Water spouting is a sideshow regurgitation act, in which a performance artist drinks a large amount of fluid, such as water, and regurgitates it in a controlled manner with muscle control. Typically, the act includes an element of stage magic in the transformation of the fluid; for example, ingesting water and regurgitating it as a stream of red wine or milk.

==History==
Water spouting has been performed since the 17th century. During this time, performance artists such as Jean Royer and Blaise Manfre were known for their spouting technique.

Floram Marchand performed a "water to wine" trick, where he would drink 30 glasses of water on stage, then spout glasses of red "wine". He had actually swallowed red dye in advance, in order to give the appearance of wine.

The act was revived by vaudeville artist Hadji Ali (d. 1937). Ali was known to drink water and then kerosene which he would use to start a fire and then extinguish it. Other performers during this time include Mac Norton, who was billed as the "Human Aquarium" due to his swallowing and regurgitating of goldfish and frogs. The German performer Dagomarr Rochmann, known as the "Great Waldo", swallowed and regurgitated jewellery, coins, lemons, and mice. Waldo performed at Robert Ripley's Odditorium in New York City.

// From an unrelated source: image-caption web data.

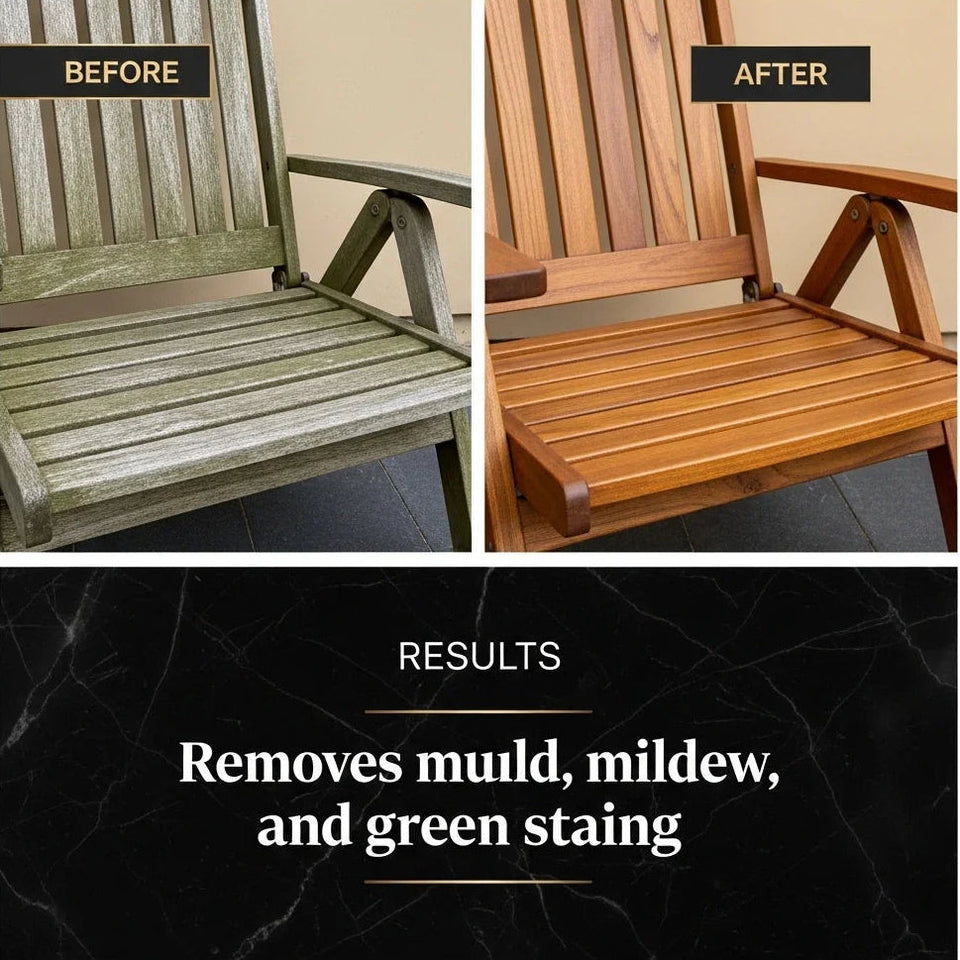 Glossifix Oiginal Furniture Polish Kit - Free Delivery
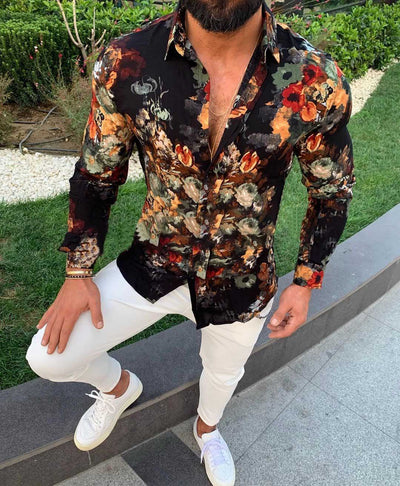 Camisa Casual para Hombre Amazon Essentials - Image 2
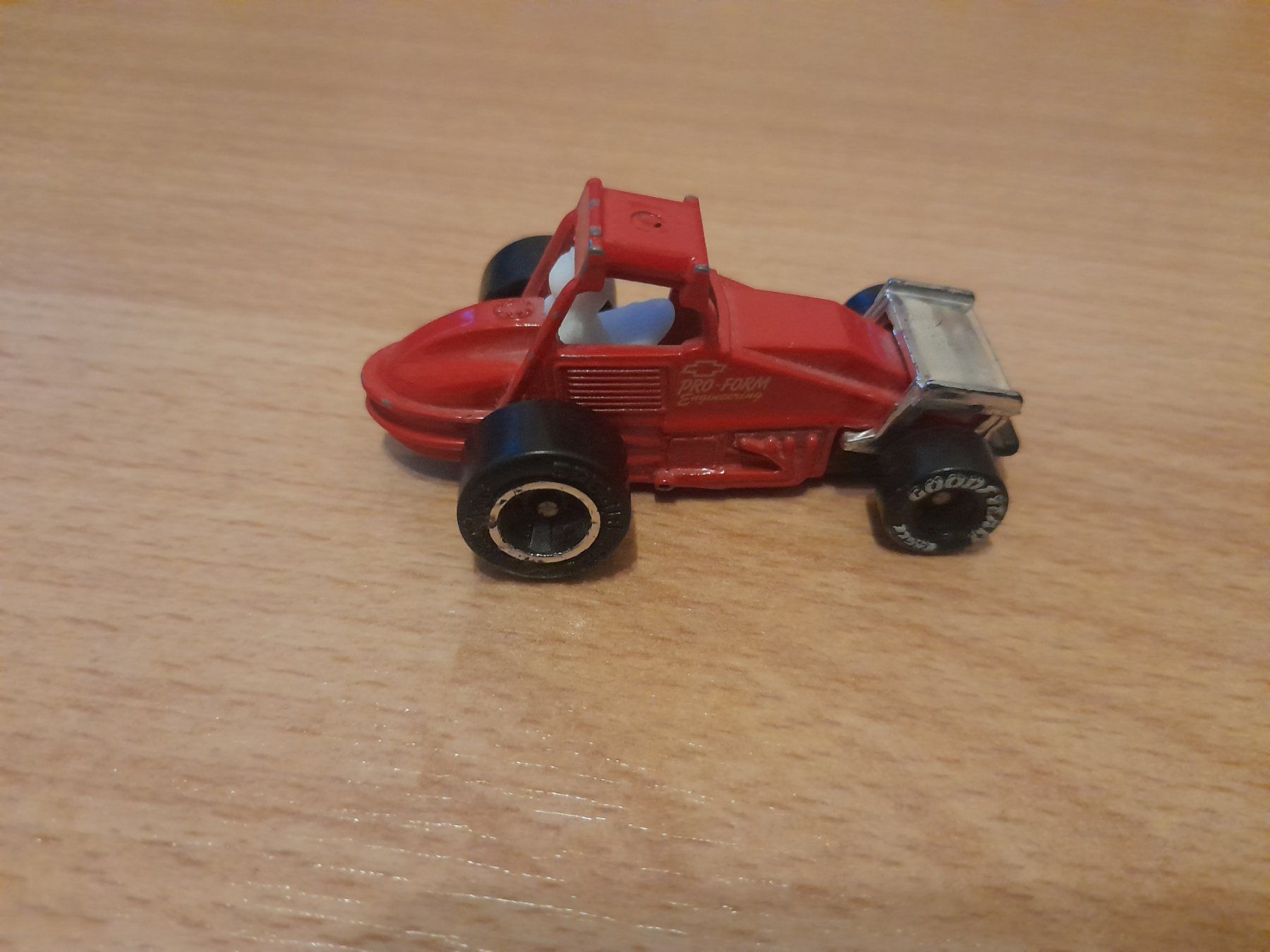 Matchbox Modellini d'auto: Matchbox 1:55 Sprint Racer – Usato da Lustmühle venduto da chevi03 2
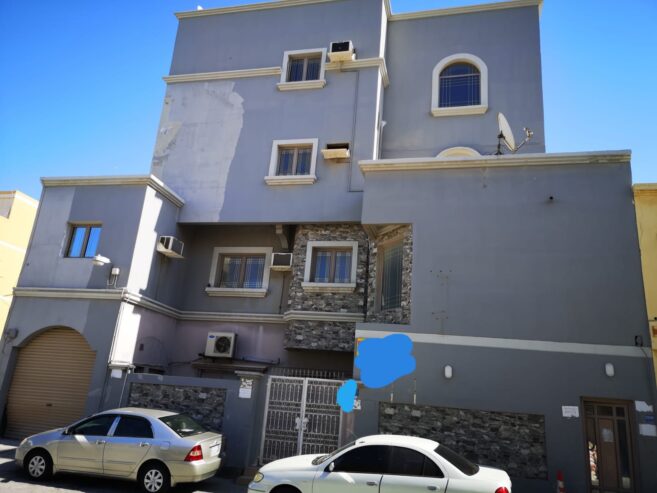 بناية سكنية في جرداب المنطقو الوسطى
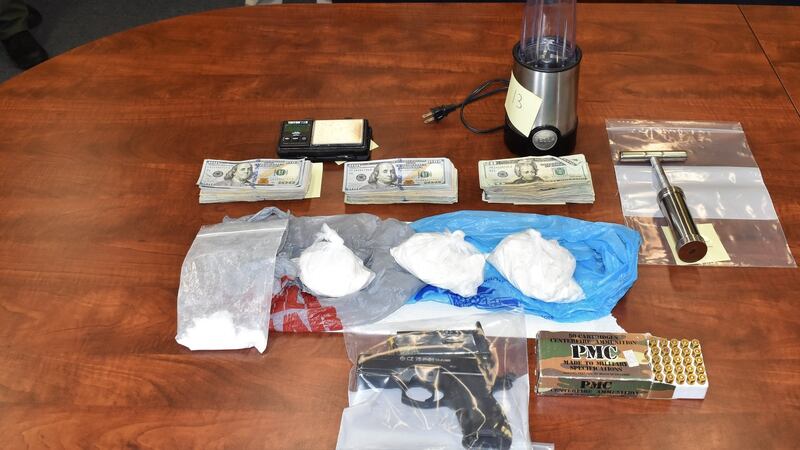 Cocaine seized in Warren after months-long investigation, police say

David Blaine performed Ali's water and kerosene act on Jimmy Kimmel Live! in November 2013. Blaine explained the process he took to emulate Ali on the show David Blaine: Real or Magic.
A British magician Kieron Johnson, also known as the "human fountain" has been performing this act on his TikTok and YouTube account. In 2018 he performed it on German talent show where he was water spouting over judges. He can also swallow and regurgitate small objects, like coins and bring them up on either heads or tails, chosen by the audience.